——重温电影《搭错车》
电影胶片里隐藏着的感动从来不会因为时光的流逝而褪色,也不会因为琐碎生活的平庸而丧失应有的诗意。二十多年后,当我重温《搭错车》时,弥漫在模糊画面中的台北悲情仍然就像苏芮那遥远而苍凉的歌声一样,虽然黯淡,忧郁,甚至有些冰冷,但却让人唏嘘不已。
哑叔是个退役的台湾老兵,平日里以收购空酒瓶捡破烂为生。冬天的一个清晨,他在巷道里捡回被遗弃的女婴,取名阿美。为此,妻子离家而去。父女二人相依为命,在艰辛贫困的日子中挣扎。一天天长大的阿美高中毕业后去歌厅当了歌手,在那里,她得到了一个青年作曲家的赏识。由此,她的演唱水平有了迅速提高。娱乐公司老板为了利用阿美赚钱,不惜重金包装,伪造谎言。串红的阿美从东南亚演出归来后,因为要继续自己的星路而不能同近在咫尺的年迈父亲相见。哑叔因思念爱女,在风雨交加之夜心脏病发作散手人寰。

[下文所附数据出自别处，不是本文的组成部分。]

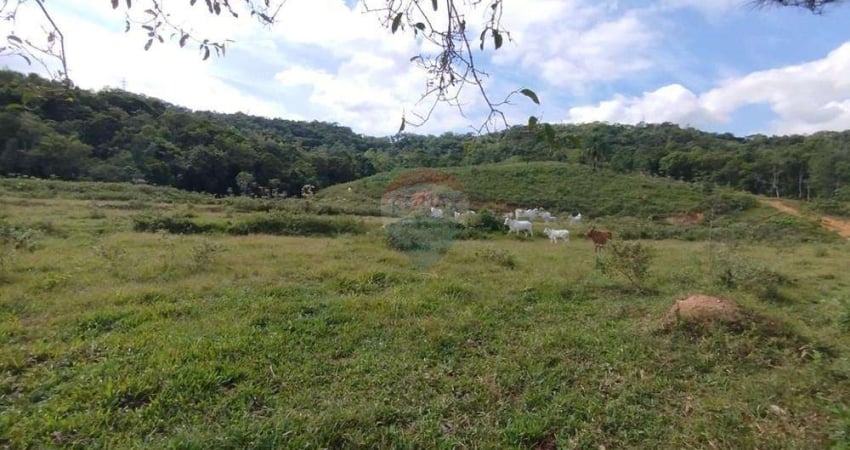 Chácara / sítio à venda na Margem Esquerda, Apiúna 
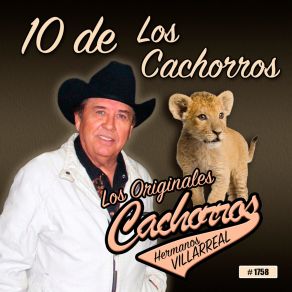 Download track Abrigo De Madre Los Originales Cachorros Hermanos Villareal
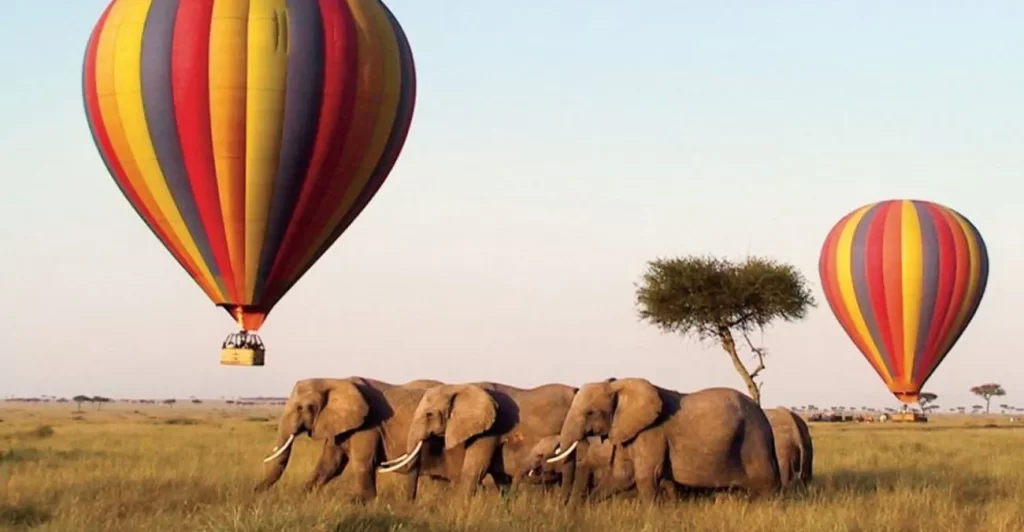 Things to do in Amboseli National Park 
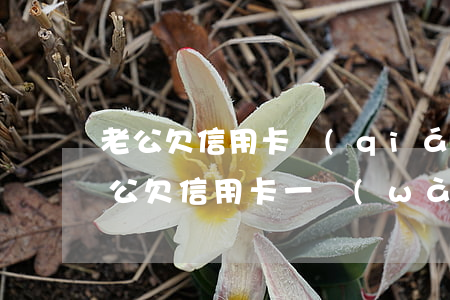 老公欠信用卡錢(qián)老婆要還嗎（老公欠信用卡一萬(wàn)二）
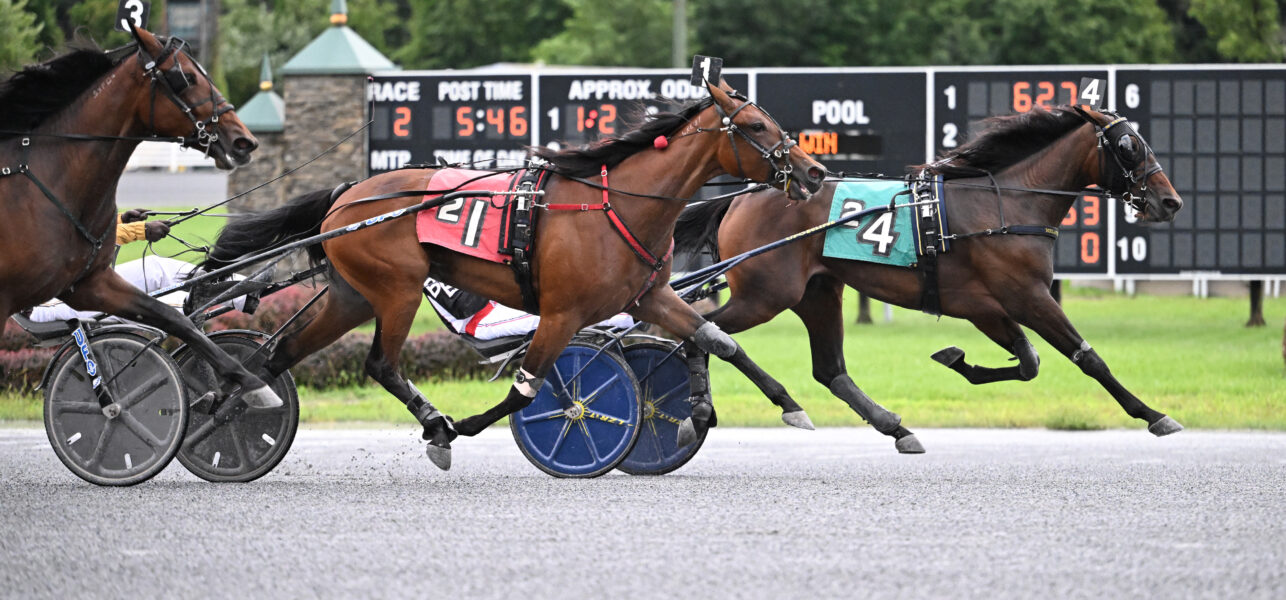 Royal Mission Captures NYSS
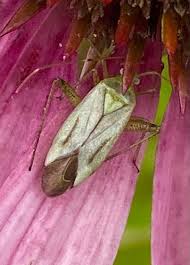 Attēlu rezultāti vaicājumam “Adelphocoris quadripunctatus imago”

毫无疑问,这是一出彻头彻尾的人间悲剧。它没有寓言,没有隐喻,也没有阐释。它只呼唤人们以日常生活的感受去构建属于光影世界、属于底层小市民的那份诗意悲情。
哑叔以拾荒为生,满桌满屋的酒瓶是他——小人物客观真实的生存写照。因为有了阿美,他凄苦的生活才有了一点暖色,也有了少许的希望。社区文艺表演中,他吹响了象征曾有荣耀的小号。那悲戚的《松花江上》的音调,与其说是一个老兵对过去岁月的怀念,不如说是他被现世生活所遗弃、所遗忘的回响。和他底层的生活相仿,邻居阿满、阿明们凄苦的生活是电影着重表现台北诗意悲情的另一根副线。嗜赌的阿满在酒后被水淹死,儿子阿明也差点被大火烧死,满嫂的眼里只有绝望和哀伤。让人感动的是,他们的意外都是因为洋娃娃——一只给自己喜欢的人的礼物。因为拆迁,生活的悲情还在继续——哑叔和邻居们失去了他们生活几十年的老房子。在拆迁现场,阿明被倒塌的房屋压死。如果说洋娃娃是他们悲情生活之外自然流动而又相互关怀的一点亮色,那么,对阿明的追悼,在另一个意义上讲,就成了对底层生活的一种告别,或者一种告慰。破碎了的酒瓶,就是破碎了的生活,那是一声声对现世无法满足的沉重叹息。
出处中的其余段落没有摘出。